Очевидно, что демократия без свободы не может слу­жить нам знаменем. Но что такое демократия, основан­ная на свободе, если не Республика? Соединение свободы с привилегиями создает монархический конституцион­ный режим, но ее соединение с демократией может осу­ществиться лишь в Республике. Из осторожности, которой мы не одобряем. Женевский конгресс нашел нужным воздержаться в своих резолюциях от слова «республика». Но, объявляя свое желание «основать мир на демократии и свободе», он невольно показал себя республиканцем. Итак, наша Лига должна быть одновременно демократической и республиканской.

И мы думаем, что все мы здесь республиканцы в том смысле, что, движимые беспощадной логической после­довательностью, предостерегаемые столь же спасительны­ми, как и жестокими уроками истории, всем опытом про­шлого и в особенности событиями, которые омрачили Европу после 1848 года, и теми опасностями, которые ей угрожают сегодня, мы все пришли к одному убеждению: монархические институты несовместимы, с царством мира, справедливости и свободы.

Что касается нас, господа, то мы как русские социали­сты и как славяне считаем своей обязанностью открыто заявить, что для нас слово «республика» не имеет другого значения, кроме значения чисто отрицательного: оно озна­чает свержение или уничтожение монархии. Слово это не только не способно нас воспламенить, но, напротив, всякий раз, как нам представляют республику как положительное, серьезное решение всех злободневных вопро­сов, как высшую цель, к достижению которой мы дол­жны направлять все наши усилия, нам хочется протесто­вать.

Мы ненавидим монархию всем сердцем; мы не хотим ничего большего, чем ее свержения в Европе и во всем мире, и мы убеждены, как и вы, что ее уничтожение есть условие sine qua поп освобождения человечества. С этой точки зрения мы — искренние республиканцы. Но мы не думаем, что достаточно свергнуть монархию, чтобы осво­бодить народы и дать им мир и справедливость. Напро­тив, мы твердо убеждены, что крупная военная, бюрокра­тическая, политически централизованная республика мо­жет стать и непременно станет державой, стремящейся к внешним завоеваниям, к угнетению внутри страны, что она будет неспособна обеспечить своим подданным, даже если те будут называться гражданами, благоденствие и свободу. Разве мы не видели великую французскую на­цию дважды объявляющей себя демократической респуб­ликой и оба раза теряющей свою свободу и дающей себя вовлечь в завоевательные войны?
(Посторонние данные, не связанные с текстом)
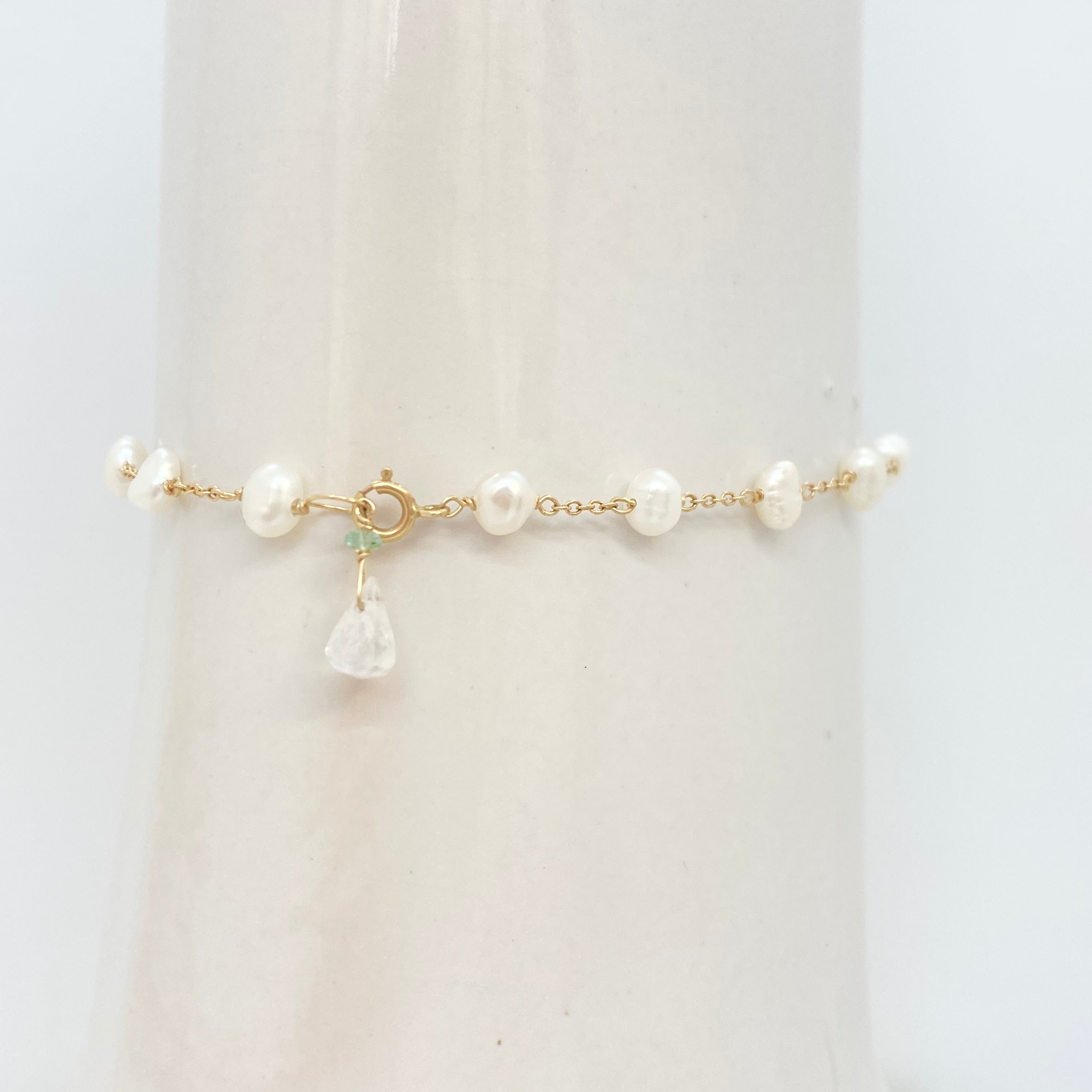 14k Gold Chain Bracelet w/ Freshwater Pearls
Припишем ли мы, подобно многим другим, эти пла­чевные падения легкомысленному темпераменту и исто­рическим дисциплинарным привычкам французского на­рода, который, как утверждают его клеветники, способен завоевать свободу внезапным сокрушительным порывом, но не умеет пользоваться ею и применять ее на практике?
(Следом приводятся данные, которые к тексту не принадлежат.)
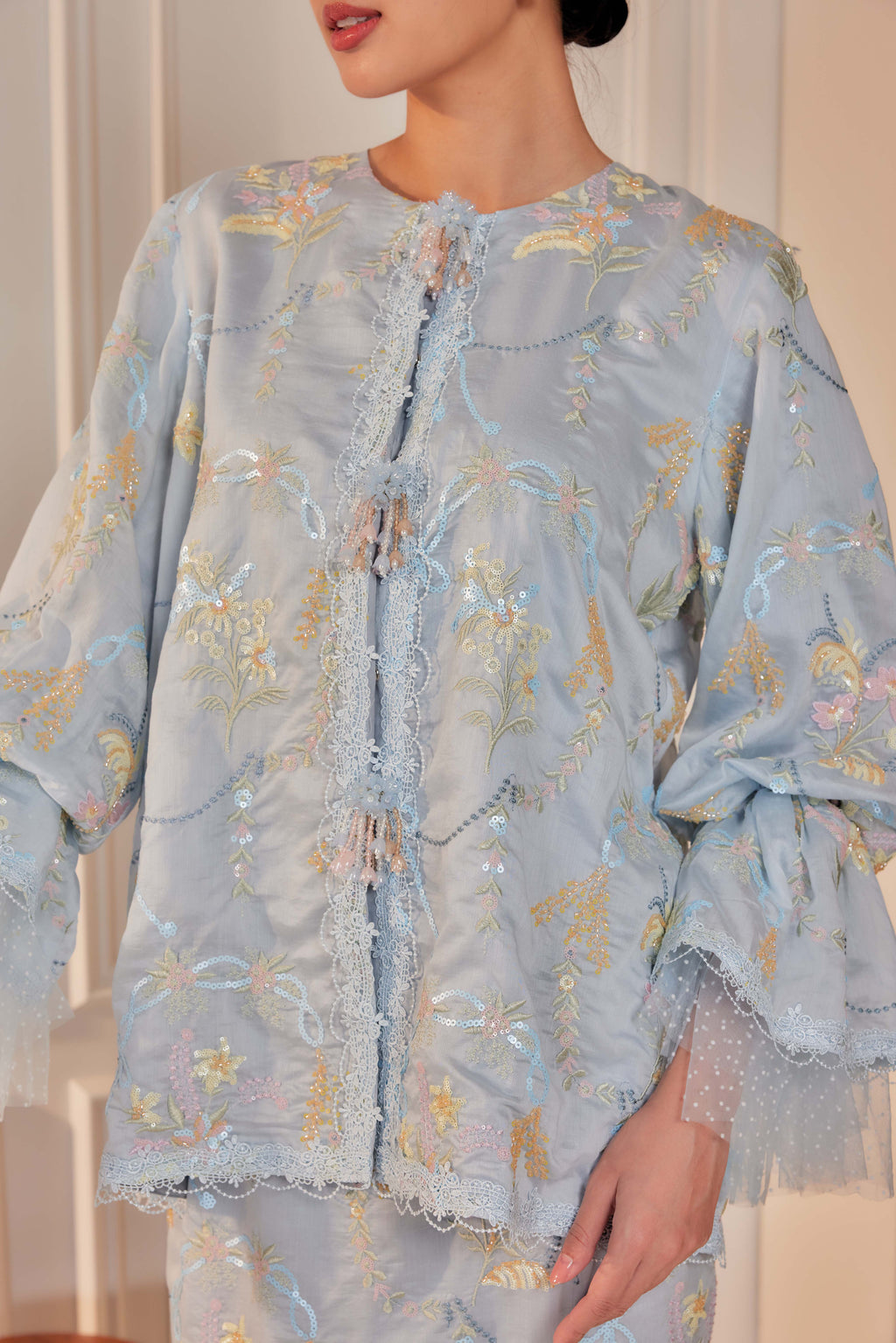 Bayu - Marni Beaded Embellished Kurung with Set of 3 Brooch (Fully Lined)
Мы не можем, господа, присоединиться к этому осу­ждению целого народа, одного из самых просвещенных народов Европы. Мы убеждены, что если Франция два­жды теряла свободу, а демократическая республика там превращалась в военную диктатуру и в военную демокра­тию, то в этом повинен не характер ее народа, а ее поли­тическая централизация. Централизация эта, издавна подго­товленная французскими королями и государственными людьми, воплотившаяся позже в человеке, названном льстивой придворной риторикой Великим Королем, за­тем повергнутая в бездну позорными деяниями одряхлев­шей монархии, конечно, погибла бы в грязи, если бы Ре­волюция не подняла ее своей могучей рукой. Да, странная вещь эта великая революция, впервые в истории провоз­гласившая свободу не только гражданина, но и человека: став наследницей монархии, которую она убила, она вос­кресила в то же время отрицание всякой свободы — цен­трализацию и всемогущество Государства.
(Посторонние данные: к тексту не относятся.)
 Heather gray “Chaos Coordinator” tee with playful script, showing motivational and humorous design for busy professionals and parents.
Вновь созданная Учредительным собранием (правда, против нее боролись, но почти безуспешно, жиронди­сты), эта централизация была завершена Национальным Конвентом. Робеспьер и Сен-Жюст были ее истинными реставраторами: ничто не было забыто в новой правитель­ственной машине, ни даже Верховное Существо вместе с культом Государства. Она ожидала лишь ловкого маши­ниста, чтобы явить удивленному миру все могущество притеснения, которым ее одарили бездумные устроите­ли... и — нашелся Наполеон. Итак, эта Революция, кото­рая вначале была вдохновлена лишь любовью к свободе и человечности, одним тем, что поверила в возможность примирения их с централизацией Государства, убила себя, убила их и не породила вместо них ничего, кроме воен­ной диктатуры. Цезаризма.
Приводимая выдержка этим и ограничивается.